The delivery of children’s Christmas gifts in Latin America is competitive.
In some places, the three wise men, known as los Reyes Magos, have the market cornered in a continuation of Spanish tradition. Santa Claus, aka Papá Noel, has made big inroads as well in places like Mexico and Peru with his American red suit.
But in many Latin American homes, including in Colombia, Costa Rica and Bolivia, the pile of presents that magically appears Christmas Eve comes from the infant boy, known as Niño Jesús.
Choosing the gift bearer is no child’s matter. Indeed, the battles over which fantastical character is assigned to the task represent nationalist pushback to the waves of outside influences that have washed over the region, from the vestiges of Spanish imperialism to American consumerism. After all, the prize at stake, the next generation’s buy-in to a particular worldview, is a big one.
A century-old practice
Such fights are not exclusive to Latin America. Indeed, German Protestants came up with the Christkind, or Christ child, during Reformation to sideline St. Nicholas, who represented Catholicism, said Tara Moore, author of “Christmas: The Sacred to Santa.” More recently, German Catholics have launched a campaign (German) to replace Santa Claus, or Weihnachtsmann—literally Christmas man—in German, with St. Nicholas.
Sometime in 1980s or 1990s, the gift-giving task in Spain’s Basque country was assigned to a charcoal maker known as Olentzero (Spanish), a traditional figure with more local ties than the three wise men or Baby Jesus.
But perhaps because of its tumultuous history, Latin America has a particularly colorful cast of gift-giving characters. One Mexican president, for example, tried replacing Santa Claus with Quetzacoátl, the pre-Hispanic plumed serpent god, during a particularly nationalistic period in the 1930s. The concept did not take.
In a 1996 essay titled “Jingle Bells or Ropopompóm” after the names of the famous American song and a traditional Spanish villancico, or carol, Peruvian author Fernando Iwasaki Cauti lays out the transition from one gift bearer to another in Peru.
Like other former Spanish colonies, Peru had practiced the tradition of the three kings.
But in the midst of war with Spain, a Peruvian general banned it in the late 1800s, Iwasaki Cauti writes. The kings were replaced in their present-delivery duties by El Niño or the boy, in reference to Baby Jesus. It was around that same time that Peruvian sailors identified a warm-water ocean current that hits around Christmas, which is now associated with broader meteorological conditions that cause devastating floods and drought around the world.
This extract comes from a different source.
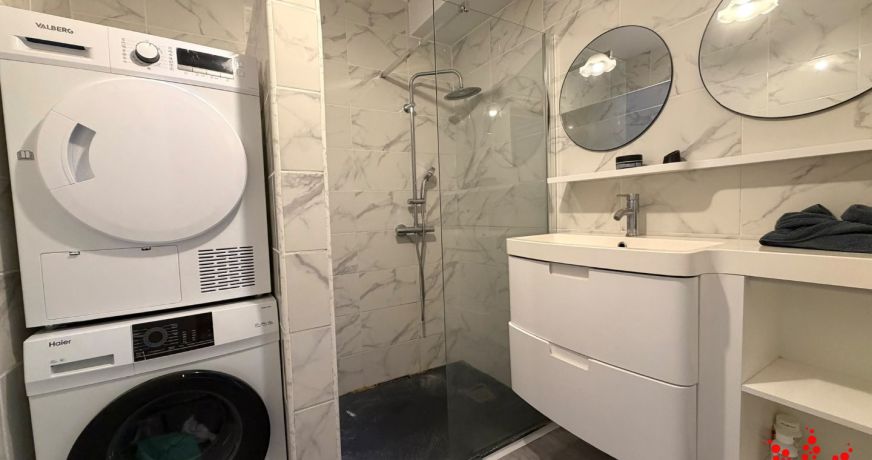 vente Maison de ville Beziers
They dubbed it “El Niño.”
“I’m sure that if that phenomenon had been baptized in the second half of the 20th century, it would have been called ‘Peruvian current of Papá Noel,'” writes Iwasaki Cauti. By that time, the jolly red figure had arrived in Peru via an American department store chain and had rapidly spread.
There were subsequent attempts to unseat Santa Claus. In the 1970s, the country’s military dictatorship vowed to oust the “perverse agent of Yankee imperialism” and sought to replace him with el Niño Manuelito, a poncho-clad version of el niño who delivered locally made toys. That didn’t interrupt Papá Noel’s fancy deliveries to children with family who traveled abroad, but it did frustrate those in households visited by Manuelito. So the government came up with Taita Noel, an Andean version of the original. After that didn’t work, authorities finally admitted the existence of Santa, but explained he had become a Peruvian citizen and proudly wore the colors of his new country’s flag, red and white, per the author.
The spirit of Christmas
Santa Claus has one advantage that Baby Jesus doesn’t: a fantastical, yet feasible backstory. It explains exactly where the toys come from and how they are delivered.
The logistics behind Baby Jesus’s present giving are hazier. One child told Colombian newspaper El Tiempo (Spanish) that El Niño has a magic helicopter; another, that he owns the stores and buys the toys there. In another version, God materializes the gifts through magic and outsources the delivery to Santa—Baby Jesus is asleep at that time and there’s no ladder from heaven to Earth, so God can’t bring them.
Still, a collection of polls, taken in different countries, at different times, show he still has currency among the region’s children. (The one for Colombia was done among 877 readers by newspaper Vanguardia Liberal in 2013; the Mexico and Costa Rica polls were conducted by TNS and Unimer respectively in 2015; the sample size was not immediately available.)
Every year around the holidays, el niño’s advocates make their case in newspaper columns and Catholic websites (Spanish.) Santa Claus, they argue, represents un-Christian consumerism; Baby Jesus, the true spirit of Christmas.
Such distinctions are lost for many who see the holiday season as a universal opportunity to celebrate. In many places, representations of Santa Claus and Jesus mingle freely. In one very literal example of this, a Quito, Ecuador store carries baby-Jesus-sized Papá Noel outfits (Spanish) for families wanting to clad their niño figure in festive red for his birthday. A particularly suitable adaptation for a region with multi-layered Christmas traditions.